4. Calculate Your Financial Needs
Your financial situation is likely the biggest change coming with the divorce. You no longer have your spouse’s income to support you.
If you’re currently a stay-at-home mum, you may need to find a job or another source of income to support yourself.
Spousal and child support may be awarded, especially if you don’t currently work. Calculations for those amounts vary by state. Child support usually depends on the number of overnights each parent has with the kids and the salary of each spouse.
If you have the kids the majority of the time and don’t have a job, your child support will likely be higher than it would with 50/50 shared custody with both parents employed.
You may not know these amounts right away, but you still need to look at your financial situation to plan for the future.
Create a budget for your expenses as a single mum. Look for ways to cut your expenses to make your budget more feasible.
Instead of staying in the family home, you might need to sell it and rent an apartment or a small home for now. Perhaps you can trade your expensive car for a cheaper car or buy a used car outright. Refinancing debt is also an option for cutting costs.
5. Stay Organized
The divorce process involves lots of dates and deadlines that you need to follow. Missing a court date or a paperwork deadline could work against you and result in an unfavourable outcome.
Keep a calendar of all divorce dates. Check with your lawyer to make sure you have the dates and times correct.
If you’re expecting a difficult divorce, write down any details on your calendar that could be used as evidence. This might include visitation dates, appointments related to your kids, and violations of any court orders.
Save all documents related to your divorce. Place them in a binder for easy access. You may want to scan the documents to keep a virtual file in case anything happens to the originals.
6. Tend to Emotional Needs
As a mum going through a divorce, you have your own emotions and those of your kids to handle. It can be difficult to support your kids while you’re feeling sad, angry, or lonely.

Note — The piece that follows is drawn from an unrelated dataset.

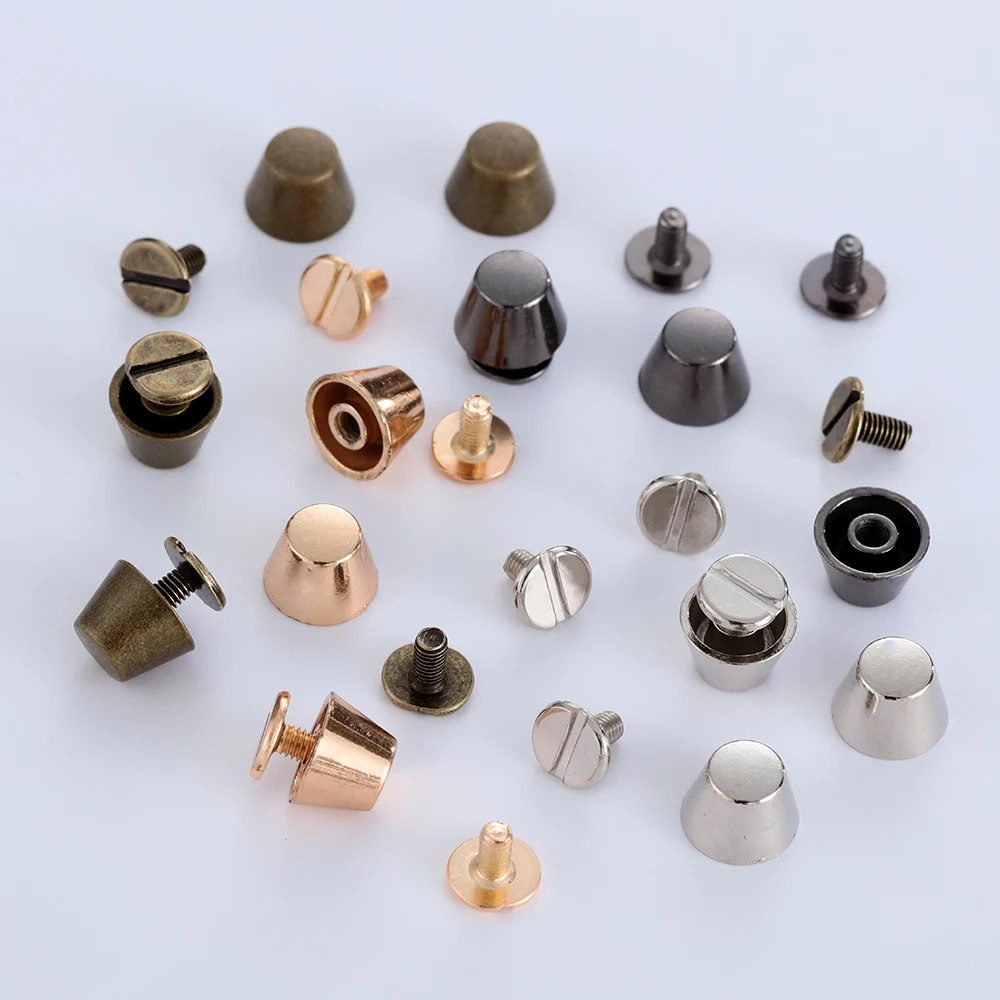 10Sets Brass Feet Screw Bag Bottom Studs DIY Leather Buttons Screw Wear Protection Rivets for Bag for Bag Decor Accessories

Create a new routine as quickly as possible to help you and your kids through the transition. Make sure you’re taking care of your basic needs by eating regular meals and getting sleep. Work in exercise to enjoy mental health benefits, including reduced stress and depression.
Let your kids talk about the divorce and how they’re feeling. If they don’t open up, look at their behaviour. Acting out can be a sign that they’re struggling with the divorce.
Look into counselling for you and your kids. You can do individual or family counselling to work through the emotions. Check with your insurance to see if you have mental health benefits to cover the costs.
7. Ask for Help
It’s tempting to hide from everyone and suffer through your divorce alone. Asking for help can be challenging, especially if you’re used to taking care of yourself. But you’ll need supportive people around you through the divorce.
Talking to friends, family members, or a counsellor can give you perspective on the situation. It’s difficult to see the situation objectively when you’re in the middle of it.
Finding a group of other divorced mums, in your community or online, can feel comforting. You can also get advice from those women.
Getting a Divorce
No one plans to get a divorce when they say I do, but it’s a common situation for many mums. Having a strategic plan helps you work through getting a divorce.